The grossest is the body and the subtlest is the mind. Don’t start from the subtle because it will be more difficult. It is vague, you cannot grasp it. Start with the body. That’s why Patanjali starts with body postures.
You may not have observed, because you are so unalert in life, that whenever you have a certain mood in the mind you have a certain body posture associated with it. If you are angry, can you sit relaxed? – impossible. If you are angry your body posture will change, if you are attentive then your body posture will change, if you are sleepy your body posture will change.
If you are completely silent you will sit buddha-like, you will walk buddha- like. If you walk buddha-like, you will feel a certain silence merging within your heart. A certain silent bridge is being created by your buddha-like walk. Just sit under a tree like a buddha. Just sit, just the body: suddenly you will see that your breathing is changing – it is more relaxed, it is more harmonious. When the breathing is harmonious and relaxed, you will feel the mind is less tense. There are fewer thoughts, fewer clouds, more space, more sky. You will feel a silence in and out, flowing.
Hence I say Patanjali is scientific. If you want to change the body posture, Patanjali will say change your food habits, because every food habit creates subtle body postures. If you are an eater of meat you cannot sit buddha-like. If you are non-vegetarian your posture will be different than if you are a vegetarian; your postures will be different because the body is built by your food. It is not an accident. Whatsoever you are putting in the body, the body will reflect it.

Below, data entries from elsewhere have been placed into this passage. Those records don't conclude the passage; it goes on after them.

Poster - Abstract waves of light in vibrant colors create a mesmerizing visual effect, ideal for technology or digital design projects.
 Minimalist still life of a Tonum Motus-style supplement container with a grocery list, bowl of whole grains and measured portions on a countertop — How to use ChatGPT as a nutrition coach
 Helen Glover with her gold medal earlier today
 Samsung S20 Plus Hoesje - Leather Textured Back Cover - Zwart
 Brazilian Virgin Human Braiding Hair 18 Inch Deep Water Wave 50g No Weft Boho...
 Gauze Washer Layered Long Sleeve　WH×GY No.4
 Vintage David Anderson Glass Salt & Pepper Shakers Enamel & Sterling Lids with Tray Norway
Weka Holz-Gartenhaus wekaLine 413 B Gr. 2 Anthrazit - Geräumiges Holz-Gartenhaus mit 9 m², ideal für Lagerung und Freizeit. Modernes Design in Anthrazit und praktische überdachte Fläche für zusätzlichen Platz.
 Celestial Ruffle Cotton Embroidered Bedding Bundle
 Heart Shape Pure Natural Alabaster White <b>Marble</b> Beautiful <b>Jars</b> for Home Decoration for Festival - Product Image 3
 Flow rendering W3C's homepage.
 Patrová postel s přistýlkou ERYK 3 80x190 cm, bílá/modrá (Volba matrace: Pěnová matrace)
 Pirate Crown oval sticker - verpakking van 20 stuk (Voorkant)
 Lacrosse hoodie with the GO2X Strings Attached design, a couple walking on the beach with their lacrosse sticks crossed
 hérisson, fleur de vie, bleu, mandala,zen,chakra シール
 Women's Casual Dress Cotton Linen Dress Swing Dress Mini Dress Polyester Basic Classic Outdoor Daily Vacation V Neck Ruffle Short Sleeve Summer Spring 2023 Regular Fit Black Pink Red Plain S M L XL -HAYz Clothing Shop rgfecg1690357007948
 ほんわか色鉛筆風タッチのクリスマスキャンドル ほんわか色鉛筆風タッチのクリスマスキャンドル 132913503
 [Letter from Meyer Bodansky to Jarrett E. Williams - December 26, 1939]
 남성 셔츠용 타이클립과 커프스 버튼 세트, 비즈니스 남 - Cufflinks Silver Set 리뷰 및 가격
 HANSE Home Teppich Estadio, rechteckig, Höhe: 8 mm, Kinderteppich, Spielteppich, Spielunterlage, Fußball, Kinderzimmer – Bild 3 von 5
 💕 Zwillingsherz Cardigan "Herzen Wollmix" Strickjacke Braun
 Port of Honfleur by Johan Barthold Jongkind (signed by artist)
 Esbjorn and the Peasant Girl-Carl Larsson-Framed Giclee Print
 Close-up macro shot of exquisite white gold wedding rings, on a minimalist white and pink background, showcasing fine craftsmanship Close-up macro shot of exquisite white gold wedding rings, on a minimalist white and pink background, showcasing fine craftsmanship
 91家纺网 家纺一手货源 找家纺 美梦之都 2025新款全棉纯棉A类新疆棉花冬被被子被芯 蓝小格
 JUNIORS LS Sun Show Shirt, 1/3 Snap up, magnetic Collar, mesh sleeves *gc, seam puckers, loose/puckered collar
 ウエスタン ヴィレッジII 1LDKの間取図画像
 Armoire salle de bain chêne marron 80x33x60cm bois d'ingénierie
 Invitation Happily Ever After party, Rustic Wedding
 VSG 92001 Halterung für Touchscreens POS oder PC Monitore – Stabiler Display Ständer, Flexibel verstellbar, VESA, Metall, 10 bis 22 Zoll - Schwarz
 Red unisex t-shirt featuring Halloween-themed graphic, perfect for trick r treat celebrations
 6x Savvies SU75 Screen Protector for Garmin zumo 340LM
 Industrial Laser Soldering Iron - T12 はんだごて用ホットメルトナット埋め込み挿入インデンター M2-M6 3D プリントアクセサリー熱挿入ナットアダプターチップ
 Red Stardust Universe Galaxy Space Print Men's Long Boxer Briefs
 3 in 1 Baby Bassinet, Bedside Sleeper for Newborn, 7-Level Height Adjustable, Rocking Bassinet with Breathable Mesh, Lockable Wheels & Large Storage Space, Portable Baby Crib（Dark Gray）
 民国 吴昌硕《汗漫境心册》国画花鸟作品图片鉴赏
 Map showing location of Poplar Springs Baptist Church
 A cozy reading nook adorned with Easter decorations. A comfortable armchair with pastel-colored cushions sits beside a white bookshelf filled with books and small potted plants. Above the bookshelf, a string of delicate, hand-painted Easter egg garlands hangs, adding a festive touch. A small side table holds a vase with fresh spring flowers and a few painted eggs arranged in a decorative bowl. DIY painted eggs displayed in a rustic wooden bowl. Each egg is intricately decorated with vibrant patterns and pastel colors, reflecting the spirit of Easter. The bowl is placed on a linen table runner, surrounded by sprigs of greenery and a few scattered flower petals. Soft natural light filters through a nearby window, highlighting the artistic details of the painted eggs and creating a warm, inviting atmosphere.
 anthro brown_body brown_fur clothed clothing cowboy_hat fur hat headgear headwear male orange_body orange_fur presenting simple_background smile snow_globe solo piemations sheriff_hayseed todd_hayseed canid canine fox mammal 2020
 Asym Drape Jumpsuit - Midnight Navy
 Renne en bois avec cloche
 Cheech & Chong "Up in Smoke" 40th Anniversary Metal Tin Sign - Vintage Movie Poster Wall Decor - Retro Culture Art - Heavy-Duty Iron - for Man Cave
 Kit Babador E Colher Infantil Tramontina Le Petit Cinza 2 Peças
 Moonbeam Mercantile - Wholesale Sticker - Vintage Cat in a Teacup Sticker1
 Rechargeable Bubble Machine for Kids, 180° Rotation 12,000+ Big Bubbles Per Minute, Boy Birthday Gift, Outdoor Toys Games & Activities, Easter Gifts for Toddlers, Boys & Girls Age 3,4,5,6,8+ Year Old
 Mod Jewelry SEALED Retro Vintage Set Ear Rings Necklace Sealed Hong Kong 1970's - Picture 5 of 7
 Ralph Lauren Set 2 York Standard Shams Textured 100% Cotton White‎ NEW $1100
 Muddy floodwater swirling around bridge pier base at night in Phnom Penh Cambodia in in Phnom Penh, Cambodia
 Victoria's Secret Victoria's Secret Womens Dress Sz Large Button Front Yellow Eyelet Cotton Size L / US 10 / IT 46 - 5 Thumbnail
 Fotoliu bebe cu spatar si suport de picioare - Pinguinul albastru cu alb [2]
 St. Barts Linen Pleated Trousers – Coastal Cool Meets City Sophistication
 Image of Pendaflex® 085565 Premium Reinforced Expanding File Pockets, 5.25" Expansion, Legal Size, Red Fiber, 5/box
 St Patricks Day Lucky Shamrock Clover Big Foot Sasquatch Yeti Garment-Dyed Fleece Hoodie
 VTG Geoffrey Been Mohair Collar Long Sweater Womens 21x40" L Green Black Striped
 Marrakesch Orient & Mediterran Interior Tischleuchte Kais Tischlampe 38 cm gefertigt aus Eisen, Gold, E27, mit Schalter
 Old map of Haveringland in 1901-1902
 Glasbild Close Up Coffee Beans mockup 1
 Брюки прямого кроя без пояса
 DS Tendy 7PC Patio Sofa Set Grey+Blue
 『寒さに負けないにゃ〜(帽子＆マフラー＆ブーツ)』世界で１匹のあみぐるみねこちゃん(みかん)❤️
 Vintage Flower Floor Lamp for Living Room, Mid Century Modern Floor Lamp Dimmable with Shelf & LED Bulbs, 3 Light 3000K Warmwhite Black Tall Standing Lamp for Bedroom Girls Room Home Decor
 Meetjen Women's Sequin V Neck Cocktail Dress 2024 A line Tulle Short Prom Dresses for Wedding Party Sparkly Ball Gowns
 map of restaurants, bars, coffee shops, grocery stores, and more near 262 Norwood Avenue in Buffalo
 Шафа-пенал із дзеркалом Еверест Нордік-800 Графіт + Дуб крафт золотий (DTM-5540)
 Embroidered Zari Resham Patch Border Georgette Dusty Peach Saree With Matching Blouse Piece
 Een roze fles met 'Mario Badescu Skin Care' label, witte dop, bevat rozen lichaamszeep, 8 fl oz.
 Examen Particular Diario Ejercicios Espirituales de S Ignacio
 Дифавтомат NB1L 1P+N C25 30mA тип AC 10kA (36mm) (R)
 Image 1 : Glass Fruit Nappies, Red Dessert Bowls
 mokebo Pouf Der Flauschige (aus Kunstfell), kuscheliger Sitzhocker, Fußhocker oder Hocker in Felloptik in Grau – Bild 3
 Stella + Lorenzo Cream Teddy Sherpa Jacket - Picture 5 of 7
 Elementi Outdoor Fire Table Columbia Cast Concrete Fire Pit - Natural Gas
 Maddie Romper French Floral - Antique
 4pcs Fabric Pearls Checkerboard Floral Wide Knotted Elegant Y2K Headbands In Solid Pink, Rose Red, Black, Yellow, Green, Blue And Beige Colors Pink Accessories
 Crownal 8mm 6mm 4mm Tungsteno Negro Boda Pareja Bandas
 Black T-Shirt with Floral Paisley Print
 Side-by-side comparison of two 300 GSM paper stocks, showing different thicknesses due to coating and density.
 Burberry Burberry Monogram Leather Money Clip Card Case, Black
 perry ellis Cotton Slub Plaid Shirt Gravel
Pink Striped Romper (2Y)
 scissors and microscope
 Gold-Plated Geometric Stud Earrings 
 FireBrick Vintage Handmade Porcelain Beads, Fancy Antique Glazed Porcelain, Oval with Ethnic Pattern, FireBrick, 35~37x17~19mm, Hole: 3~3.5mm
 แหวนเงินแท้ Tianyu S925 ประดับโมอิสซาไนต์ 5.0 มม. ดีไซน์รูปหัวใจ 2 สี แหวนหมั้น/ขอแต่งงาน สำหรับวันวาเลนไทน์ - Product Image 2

So for Patanjali vegetarianism is not a moralist cult, it is a scientific method. When you eat meat you are not only taking food, you are allowing a certain animal from which the meat has come to enter in you. The meat was part of a particular body; the meat was part of a particular instinct pattern. The meat was the animal just a few hours before, and that meat carries all the impressions of the animal, all the habits of the animal. When you are eating meat your many attitudes will be affected by it.
If you are sensitive you can become aware that whenever you eat certain things, certain changes immediately take place. You can drink alcohol and then
you do not remain the same, immediately a new personality comes in. Alcohol cannot create a personality but it changes your body pattern, the body chemistry is changed. With the change of the body chemistry the mind has to change its pattern, and when the mind changes its pattern a new personality comes in.
I have heard…
One of the oldest Chinese parables is that once a bottle of whisky fell down from a table, just by accident – a cat might have jumped. The bottle was broken and the whisky was spilled all over the floor. In the night three mice lapped at the whisky. One mouse immediately said, “Now I am going to the king, to the palace, to put him right in his place.”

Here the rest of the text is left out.